Since the choice of \(\vect{y}\) was arbitrary, Theorem EMMVP tells us that \(\adjoint{A}A=I_n\text{,}\) so \(A\) is unitary (Definition UM).

For vector spaces of column vectors, Sage can quickly determine the coordinates of a vector relative to a basis, as guaranteed by Theorem VRRB. We illustrate some new Sage commands with a simple example and then apply them to orthonormal bases. The vectors v1 and v2 are linearly independent and thus span a subspace with a basis of size 2. We first create this subspace and let Sage determine the basis, then we illustrate a new vector space method, .subspace_with_basis(), that allows us to specify the basis. (This method is very similar to .span_of_basis(), except it preserves a subspace relationship with the original vector space.) Notice how the description of the vector space makes it clear that W has a user-specified basis. Notice too that the actual subspace created is the same in both cases.

Now we manufacture a third vector in the subspace, and request a coordinatization in each vector space, which has the effect of using a different basis in each case. The vector space method .coordinate_vector(v) computes a vector whose entries express v as a linear combination of basis vectors.
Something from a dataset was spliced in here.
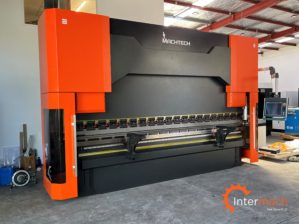 Machtech Pressbrake 300t x 4100mm CNC7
Verify for yourself in each case below that the components of the vector returned really give a linear combination of the basis vectors that equals v3.

Now we can construct a more complicated example using an orthonormal basis, specifically the one from Example CROB4, but we will compute over QQbar, the field of algebraic numbers. We form the four vectors of the orthonormal basis, install them as the basis of a vector space and then ask for the coordinates. Sage treats the square roots in the scalars as “symbolic” expressions, so we need to explicitly coerce them into QQbar before computing the scalar multiples.
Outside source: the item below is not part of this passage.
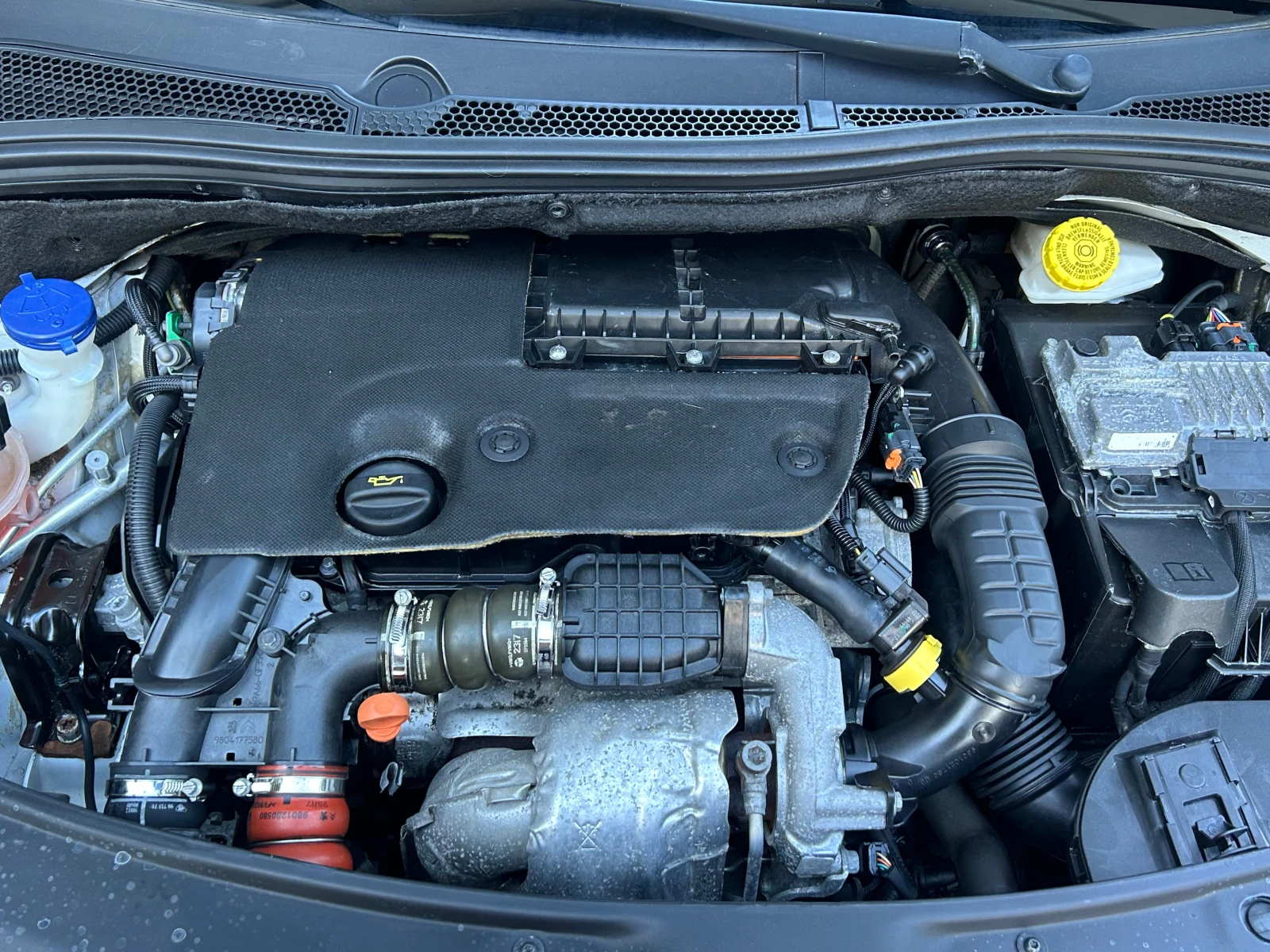 Peugeot 208 1, 6GT LINE BLUE HDI, снимка 16 - Автомобили и джипове - 55956840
Is this right? Our exact coordinates in the text are displayed differently, but we can check that they really are the same numbers:

With an orthonormal basis, we can illustrate Theorem CUMOS by making the four vectors the columns of \(4\times 4\) matrix and verifying the result is a unitary matrix.

We will see coordinate vectors again, in a more formal setting, in Sage VR.

Reading Questions B Reading Questions

1.

The matrix below is nonsingular. What can you now say about its columns?

\begin{equation*} A=\begin{bmatrix} -3 & 0 & 1\\ 1 & 2 & 1\\ 5 & 1 & 6 \end{bmatrix} \end{equation*}
2.

Write the vector \(\vect{w}=\colvector{6\\6\\15}\) as a linear combination of the columns of the matrix \(A\) above. How many ways are there to answer this question?

3.

Why is an orthonormal basis desirable?

Exercises B Exercises

C10.

Find a basis for \(\spn{S}\text{,}\) where

\begin{align*} S &= \set{ \colvector{1\\3\\2\\1}, \colvector{1\\2\\1\\1}, \colvector{1\\1\\0\\1}, \colvector{1\\2\\2\\1}, \colvector{3\\4\\1\\3} }\text{.} \end{align*}
Solution

Theorem BS says that if we take these 5 vectors, put them into a matrix, and row-reduce to discover the pivot columns, then the vectors of \(S\) with the same column indices will be linearly independent and span \(S\text{,}\) and thus will form a basis of \(S\text{.}\)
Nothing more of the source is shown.